Mumbai: Yes Bank Ltd, one of the lenders to the owners of the Indian Premier League (IPL) team Deccan Chargers, on Tuesday submitted a plea in the Bombay High Court asking the Board of Control for Cricket in India (BCCI) to release the money due to the Deccan Chronicle Holdings Ltd-owned Hyderabad cricket team.
Yes Bank’s representative in the court said the money due to Deccan Chargers should come to Yes Bank’s account, “receivables should be cleared and BCCI should withdraw the termination”. The bank further stated that Yes Bank should have the first right to all the receivables arising out of the sixth season of IPL.
The cricket board owes Deccan Chargers about Rs.41 crore under the central revenues generated from IPL, Mint reported on 19 September. On 15 September, Yes Bank issued 45 demand drafts to clear outstanding dues amounting to Rs.33 crore to Deccan Chargers players, support staff and cricket boards and associations. A day later, Yes Bank executives, in a conference call with BCCI treasurer Ajay Shirke, asked the board not to encash the drafts until it releases the money due to Deccan Chargers, according to an attachment to the affidavit.

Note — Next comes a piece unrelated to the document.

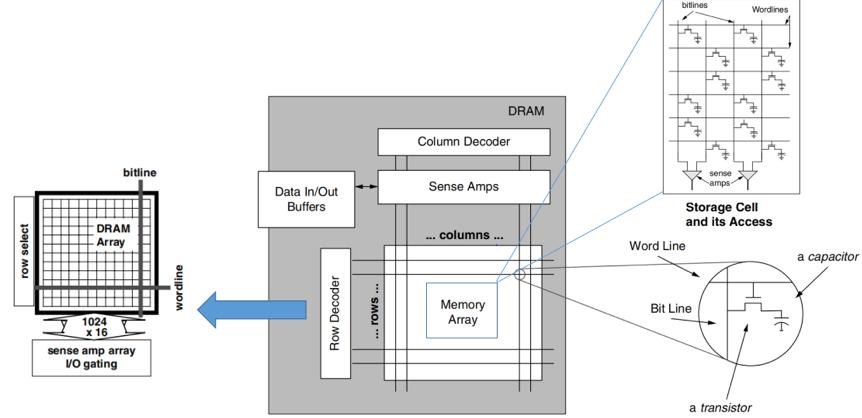 紫光同创DDR接口方案优势_紫光同创FPGA开发应用DDR实战指南_FPGA培训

The same matter has been raised by Yes Bank in the Bombay High Court on Tuesday. During the hearing on Monday, BCCI and Deccan Chronicle Holdings agreed to go for arbitration after the company filed a petition in the Bombay High Court on 15 September challenging the cricket board’s decision to terminate its team franchise contract. The judge was to suggest names of the arbitrator on Tuesday.
Deccan Chronicle Holdings has requested for time to reply to Yes Bank’s plea. The matter will come up for hearing on Wednesday.